Drug Testing
An article from cnn.com about drug testing.
It seems a few football players at a Division III school were arrested with a variety of drugs, including marijuana, cocaine, and steroids. The local DA threatened to extend the investigation to all football players, with a stated focus on steroids.
Naturally, the school suggests some self-policing, announcing that all 100 football players will be tested for street drugs (marijuana and cocaine), but will only randomly test 25 football players for steroids.
Any thoughts on why, with the DA worried about steroids, the school will only be randomly testing 25 football players for steroids, while testing them all for street drugs?
Any guess as to which test is more expensive?
–CT

February 9th, 2007 at 8:30 am
It would seem rather than what tests cost (which may be moot if those costs are allocated to different paying parties), that the real question is whether Illegal Recreational Drug use by a few players can legally be extended into an invasive testing regime for all players?
And whether legally that testing can be expanded from Illegal Recreational Drug Testing by testing for Disallowed/Illegal Performance Enhancing Drugs among the whole athlete group?
This DA should be taken to task by the faculty and by the student’s themselves. It is a shame that the School has caved to pressure to do ANY testing as part of a “fishing expedition.”
The school could be seen as in violation of their athletes’ rights by testing without cause.
A DA does not gain license for “fishing expeditions” for infraction “B” among a DA determined target group simply by having a small subset of the target group implicated for infraction “A”.
An interesting case, which as summarized smacks of civil right violations right & left.
For what it is worth a standard Illegal Drug urine test is quite cheap, whereas the steroid testing is complex lab work, and much more expensive per tested individual.
Steve W
February 9th, 2007 at 8:49 am
I didn’t make clear that two out of hundreds of UW-Stout players, and one former player (out of perhaps thousands of former players) have been charged with both Recreational and/or Performance Enhancing drugs.
Why hundreds & thousands?
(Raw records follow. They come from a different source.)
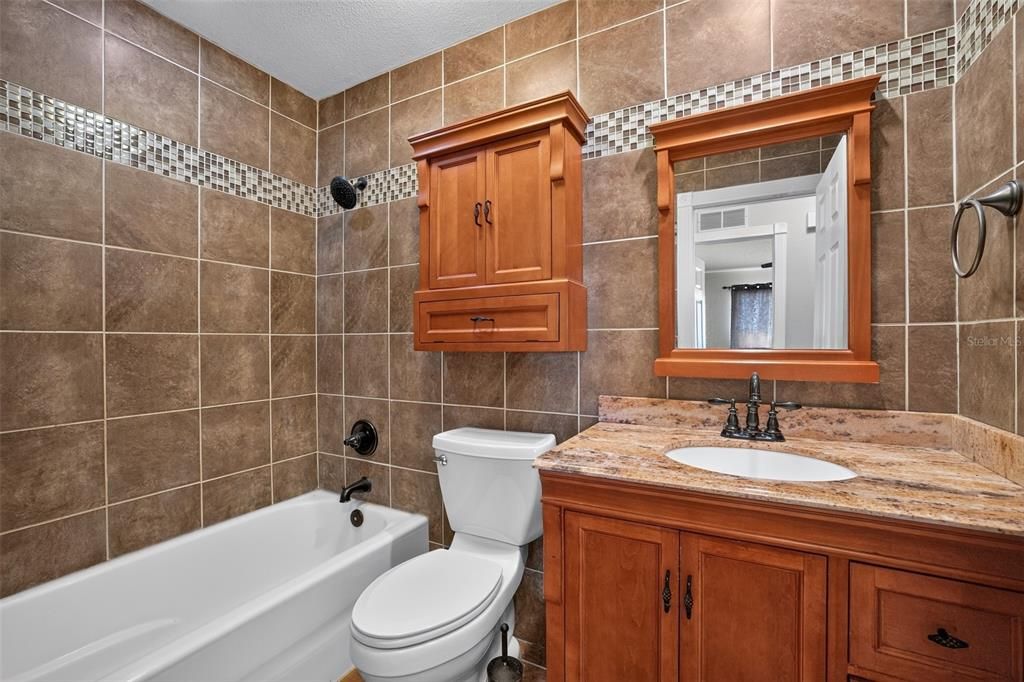 For Sale: $460,000 (3 beds, 2 baths, 1413 Square Feet)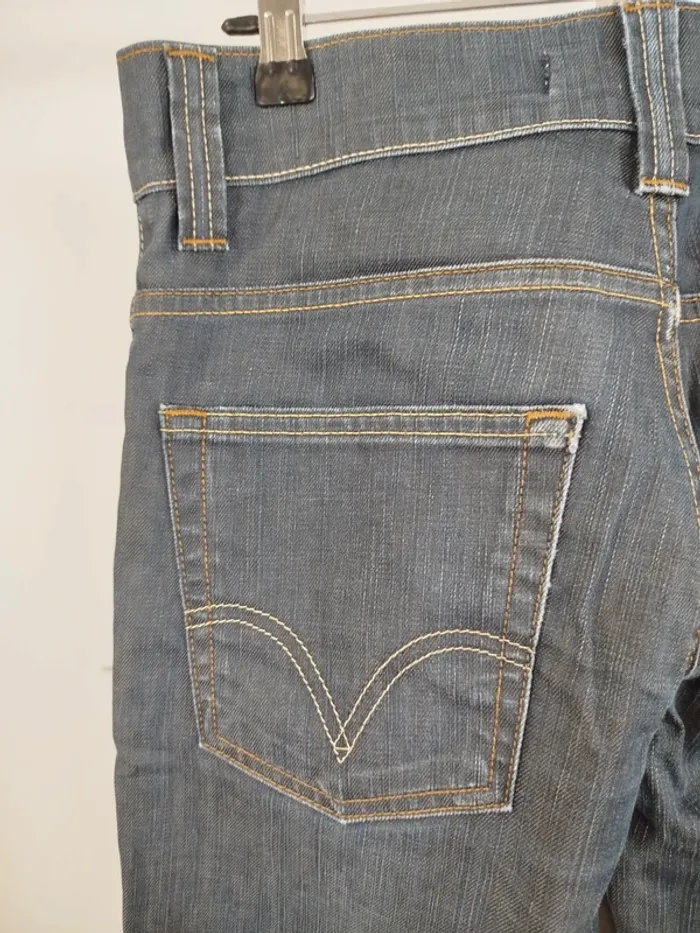 Jean Levi’s 511 Slim - Taille W30 L32/ 38FR - Coupe ajustée moderne A605 - photo numéro 6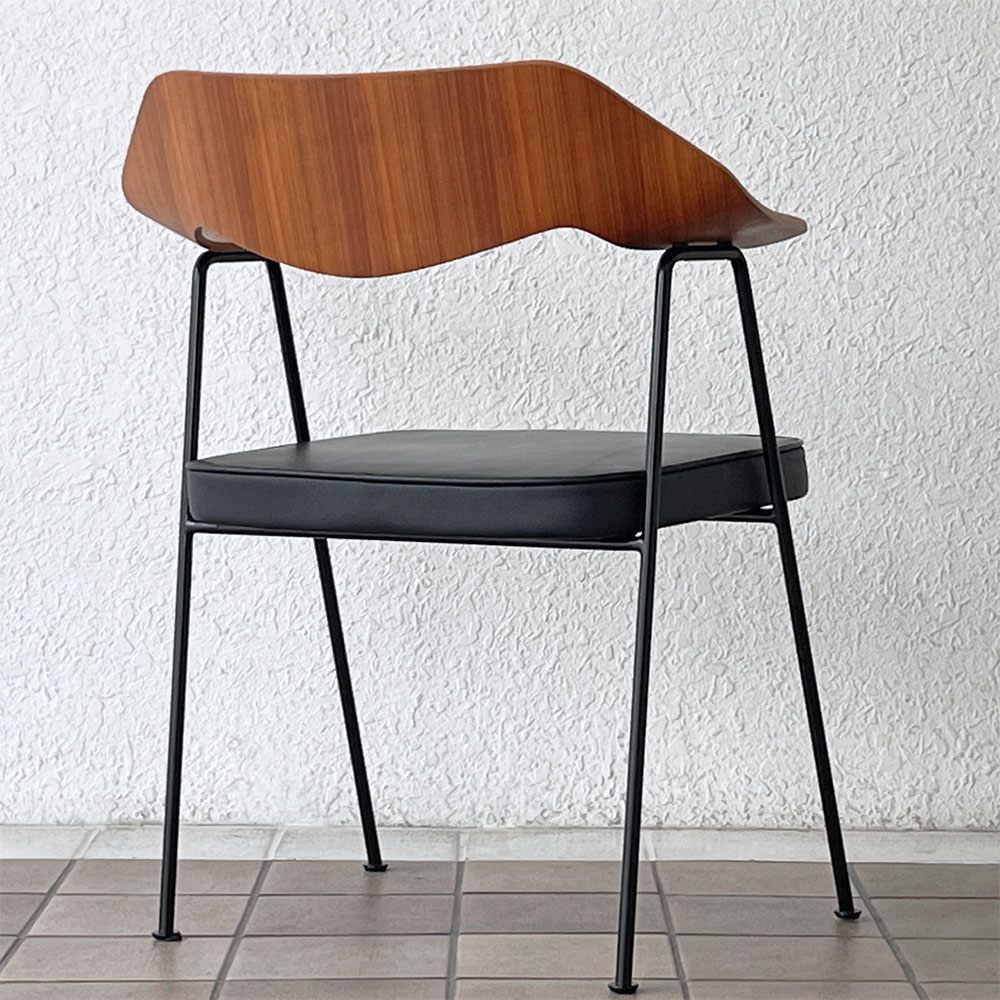 ケースファニチャー Case Furniture 675チェア ウォールナットフレーム×レザーシート 本革 ロビンデイ Robin Day アクタス取扱い ◇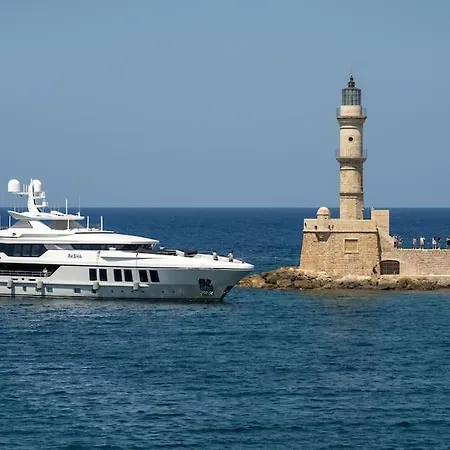 Leo Chania (Crete)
Because the proposed testing is to be up scaled in Autumn to include all student athletes at University of Wisconsin – Stout.
The whole thing reads as a “performance for media” by the UW, as student athletes had already been part of a testing program.
Steve W
February 9th, 2007 at 7:10 pm
Steve,
Thanks for the comments here and elsewhere.
I just threw away my copy of the NCAA’s drug testing program, and I wish I hadn’t. As the article points out, all athletes are tested at the championship level. I am certain that D1 athletes are subject to random drug testing during other times of the season. I don’t know if this applies to DIII athletes.
While I wholeheartedly agree this is “performance for media”, the reason I point out the random testing above is this: if athlets are subject to random drug testing by the ncaa, it is hard for me to believe futher tests (by the school) are illegal. I also agree that the broader issue of whether a drug test can be required by the ncaa (or as a condition of employment) is interesting and we could certainly question (and should) its civil rights status.
I “have a friend” who has been tested both as an athlete, and recently as an application for employment. In both cases, my friend knew 24 hours in advance that they would be tested (I don’t believe the employer is testing for steroids!). The reaction to the test was given by the employer is that it was administered much more strictly – “nervewracking” compared to the NCAA testing, having actual controls in place for the employment test.
One could wonder how the UW-Stout test will be administered, and if the details will be part of the “performance”. Doubtful.
Be all this as it may, lest my students miss the simpler point I was hoping to make, and which you quite correctly pointed out, is that even when creating something as nebulous and “media performance”, firms (or universities) will respond to the prices of inputs.
While we could argue about how valuable the steroids tests are for this “peformance” (relative to the value of the street drug tests), the fact that a steroid test is 3-4 times more expensive than a street drug test is part of the story.